INSTRUCTIONS FOR THE TASK: Find the line with "Guy looking at" in the data below. Repeat it and every line after it exactly, but not the pictures.

Stored data entries
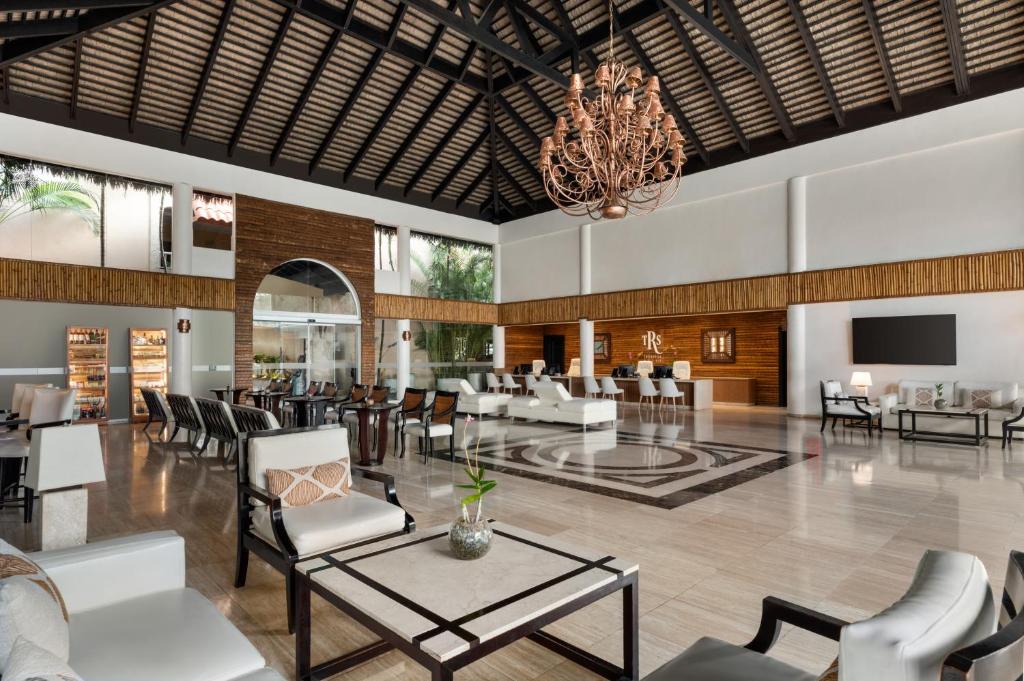 Large indoor lobby with copper chandelier, seating areas, and bar counter with wood accents.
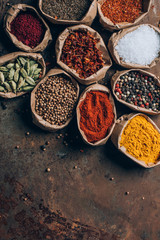 top view of colorful spices in paper bags on table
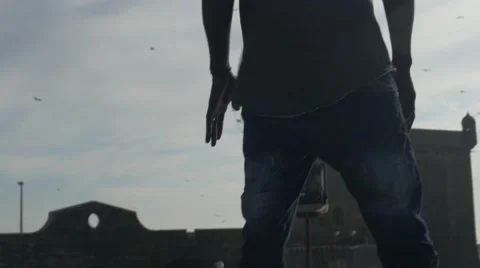 Guy looking at the birds in the sky 12 Stock Footage 67556101
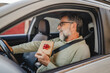 © Miljan Živković - Senior mature man sit in the car and hold small gift with red ribbon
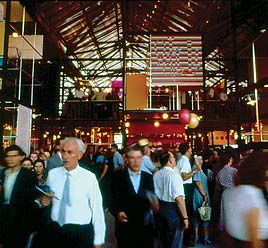 Visitors in the glass pavilion. The Exhibition featured a wide variety of American modern art, from paintings to sculptures.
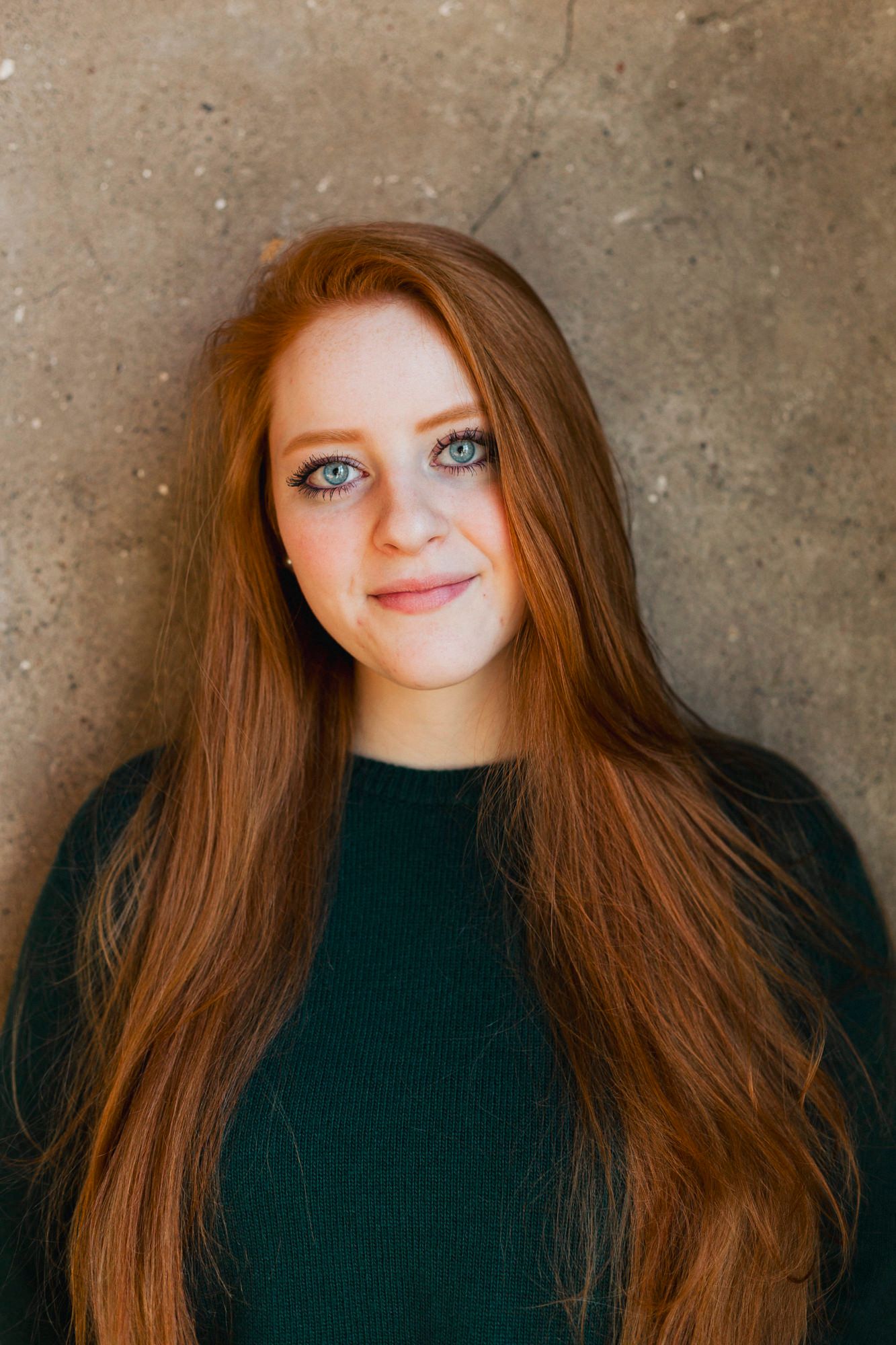 Portrait of a redhead in a dark green sweater against a concrete wall background.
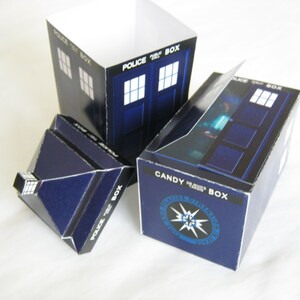 May include: A blue and white cardboard box shaped like the TARDIS from Doctor Who. The box has the words "Police Box" on the side and "Candy Box" on the front. The front of the box also has a blue and white starburst design.
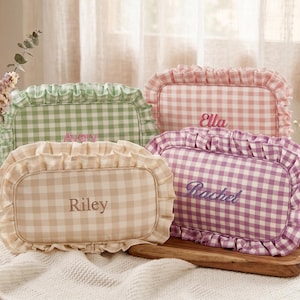 Könnte beinhalten: Vier rechteckige Kosmetiktaschen mit Vichy-Karo in Pastellfarben: Grün, Rosa, Beige und Lila. Jede Tasche hat einen gerüschten Rand und einen gestickten Namen: Avery, Ella, Riley und Rachel. Die Taschen werden auf einem Holztablett präsentiert.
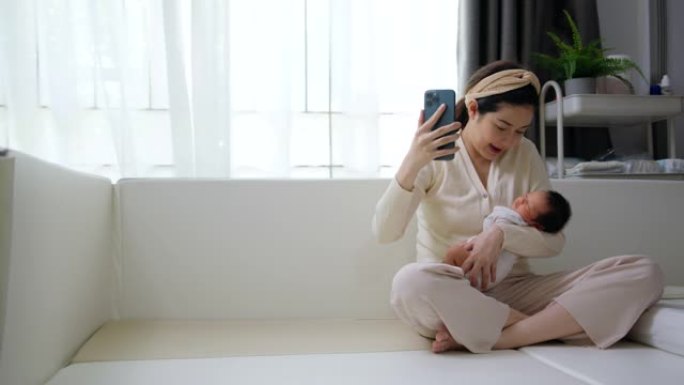 美丽的妈妈抱着可爱的小新生儿在手机上做视频通话。技术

RESPONSE BELOW:
 Guy looking at the birds in the sky 12 Stock Footage 67556101
 © Miljan Živković - Senior mature man sit in the car and hold small gift with red ribbon
 Visitors in the glass pavilion. The Exhibition featured a wide variety of American modern art, from paintings to sculptures.
 Portrait of a redhead in a dark green sweater against a concrete wall background.
 May include: A blue and white cardboard box shaped like the TARDIS from Doctor Who. The box has the words "Police Box" on the side and "Candy Box" on the front. The front of the box also has a blue and white starburst design.
 Könnte beinhalten: Vier rechteckige Kosmetiktaschen mit Vichy-Karo in Pastellfarben: Grün, Rosa, Beige und Lila. Jede Tasche hat einen gerüschten Rand und einen gestickten Namen: Avery, Ella, Riley und Rachel. Die Taschen werden auf einem Holztablett präsentiert.
 美丽的妈妈抱着可爱的小新生儿在手机上做视频通话。技术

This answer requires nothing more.